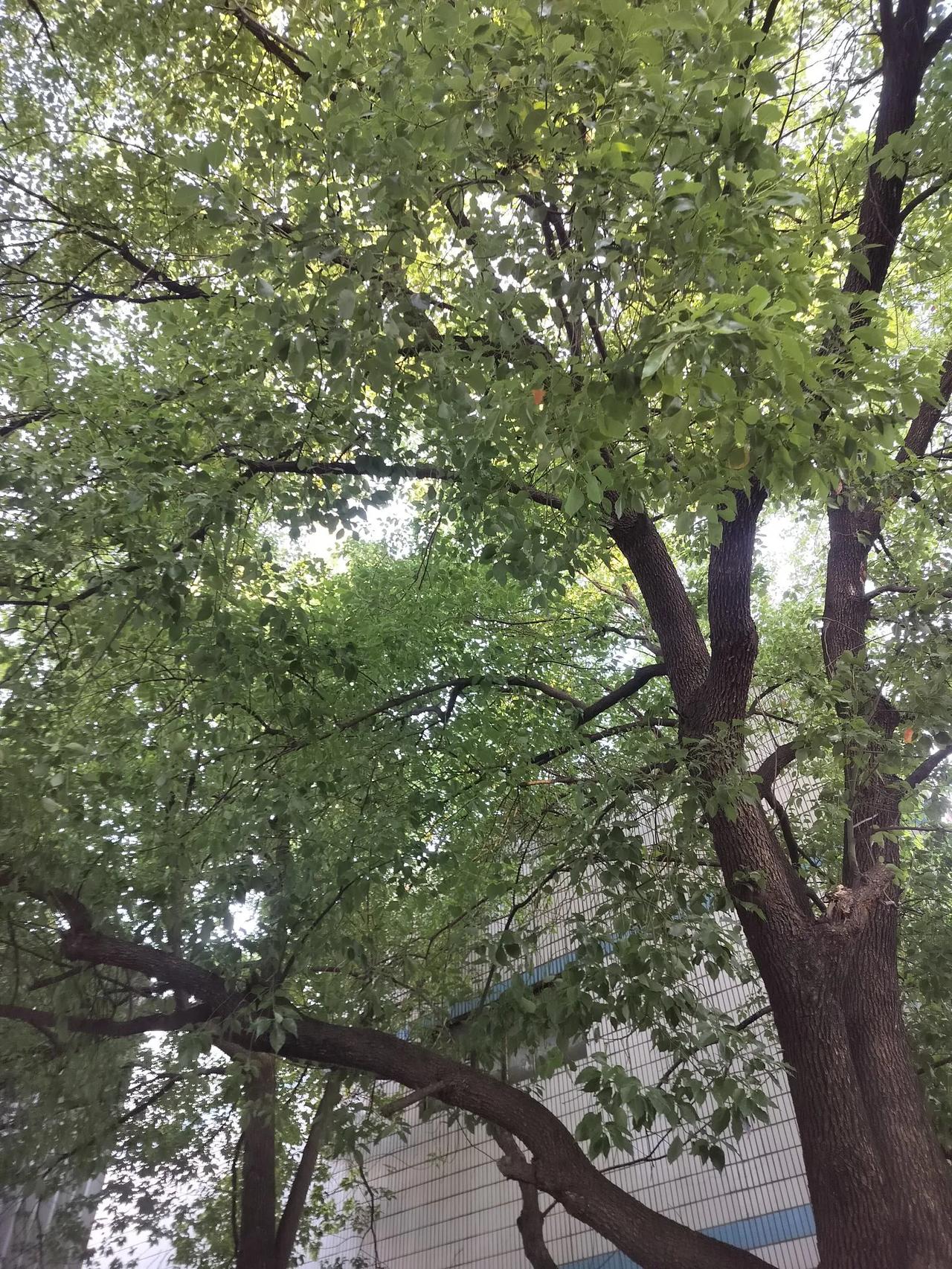 和儿媳分开住了，心情竟然无比轻松。起初儿子和老公不答应分开住，说辛苦一辈子，住在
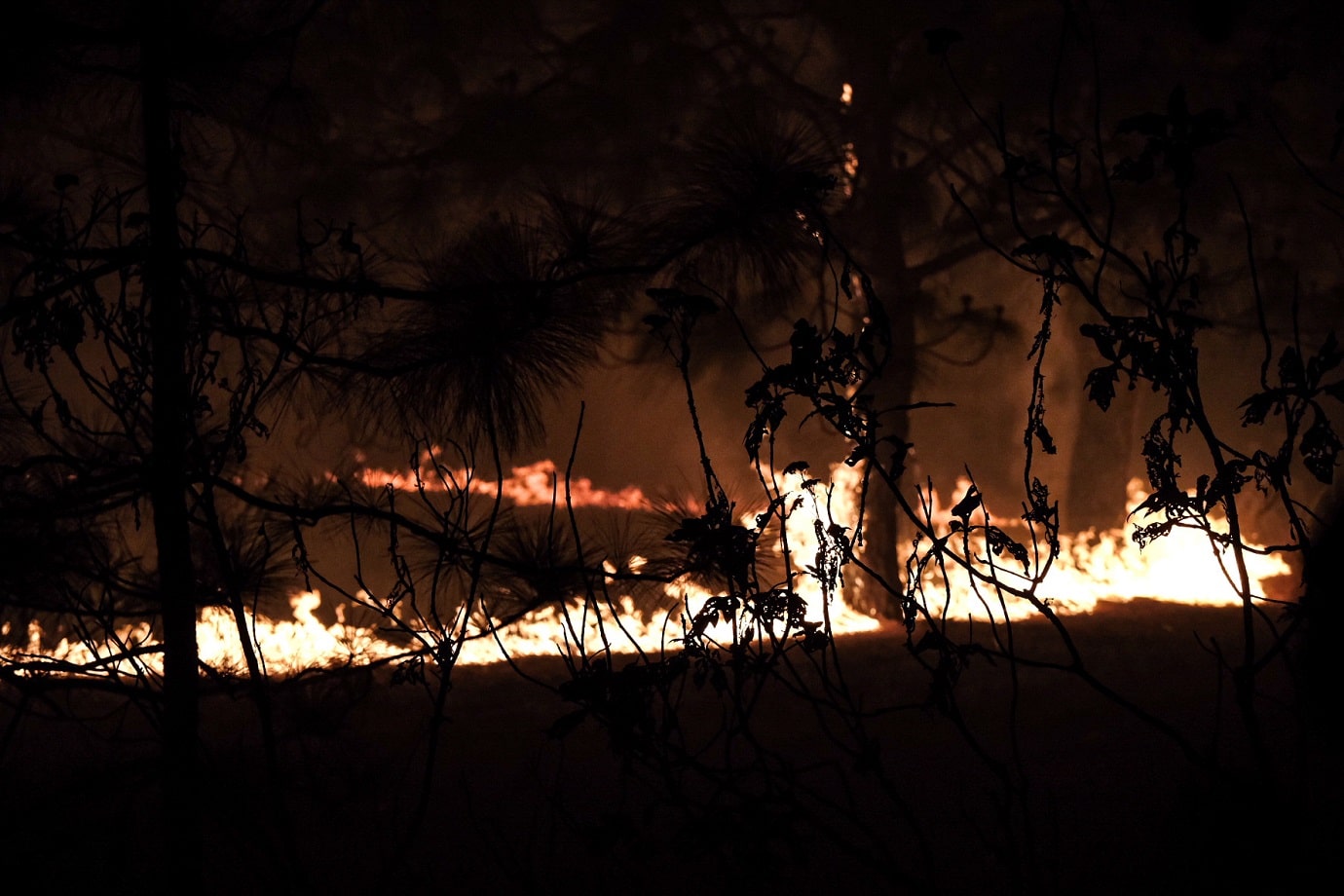 Investigan incendio en Bosque de La Primavera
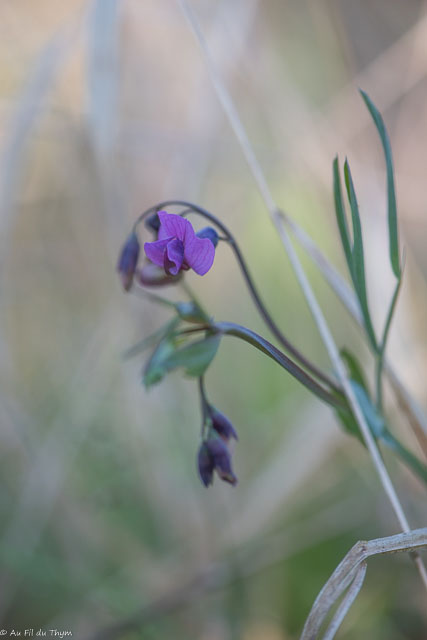 Photographie Plante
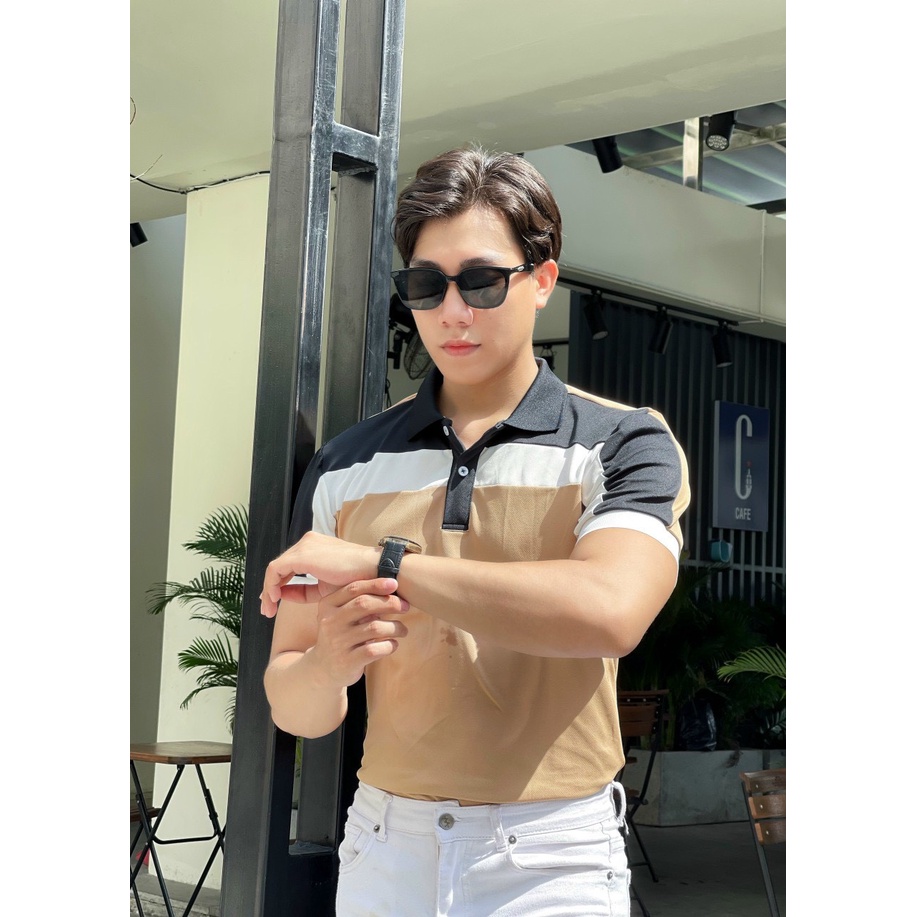 Áo polo nam cổ bẻ vải cá sấu Cotton xuất xịn,chuẩn form, sang trọng - thanh lịch TB013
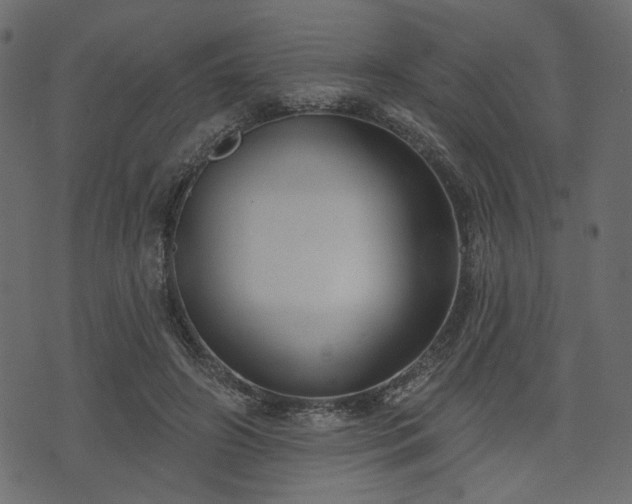 X0000070860498200606231256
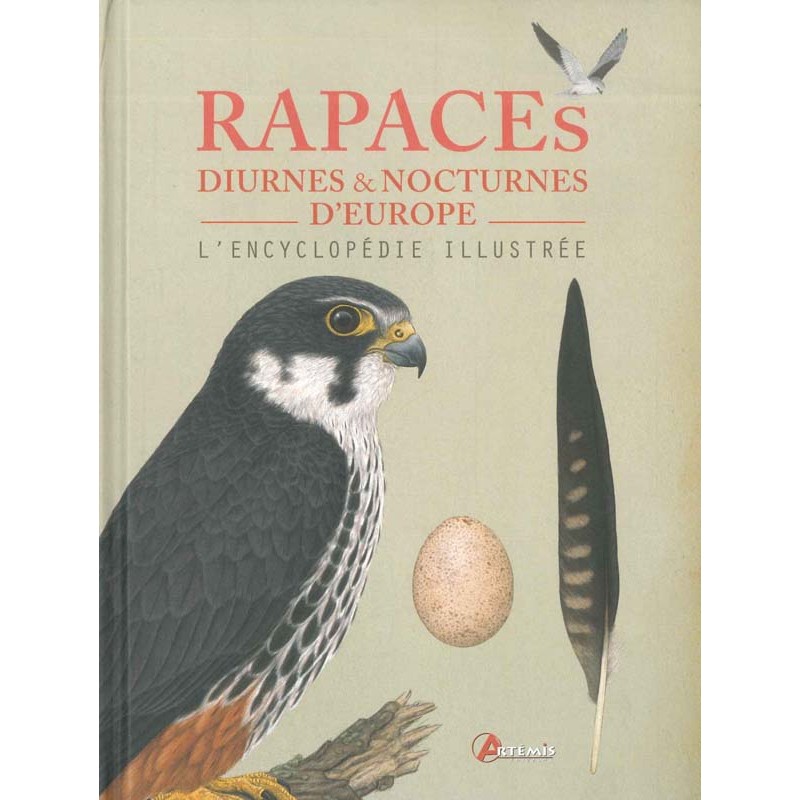 Rapaces diurnes & nocturnes d’Europe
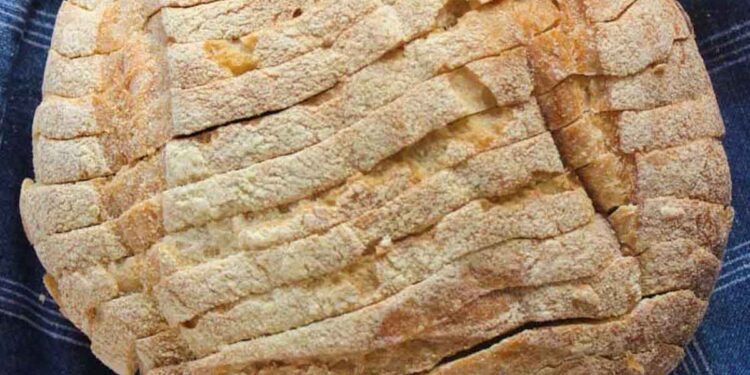 Freezing Sourdough Starter: Is it Possible?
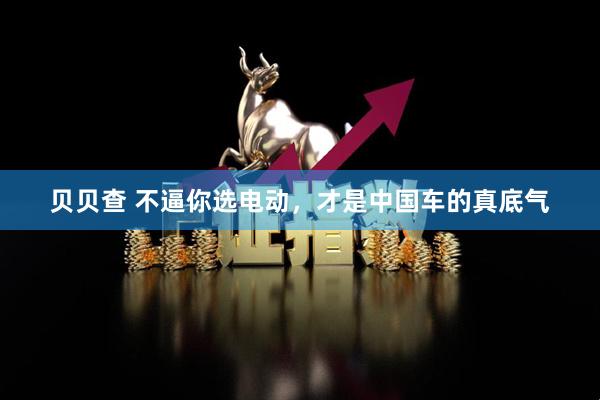 贝贝查 不逼你选电动，才是中国车的真底气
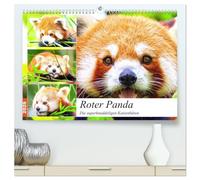 Roter Panda. Die superknuddeligen Katzenbären (hochwertiger Premium Wandkalender 2026 DIN A2 quer), Kunstdruck in Hochglanz: Die putzigen Feuerfüchse aus Asien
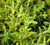 Cistus skanbergii foliage/foliage close-up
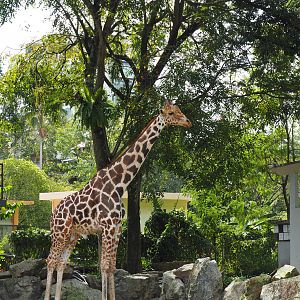 Giraffe - Zoo Negara Jan 2016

-------

Extract only the lines from the one that contains "Cistus skanbergii foliage/foliage close-up" through the end of the records, inclusive, and omit every picture.

 Cistus skanbergii foliage/foliage close-up
 Giraffe - Zoo Negara Jan 2016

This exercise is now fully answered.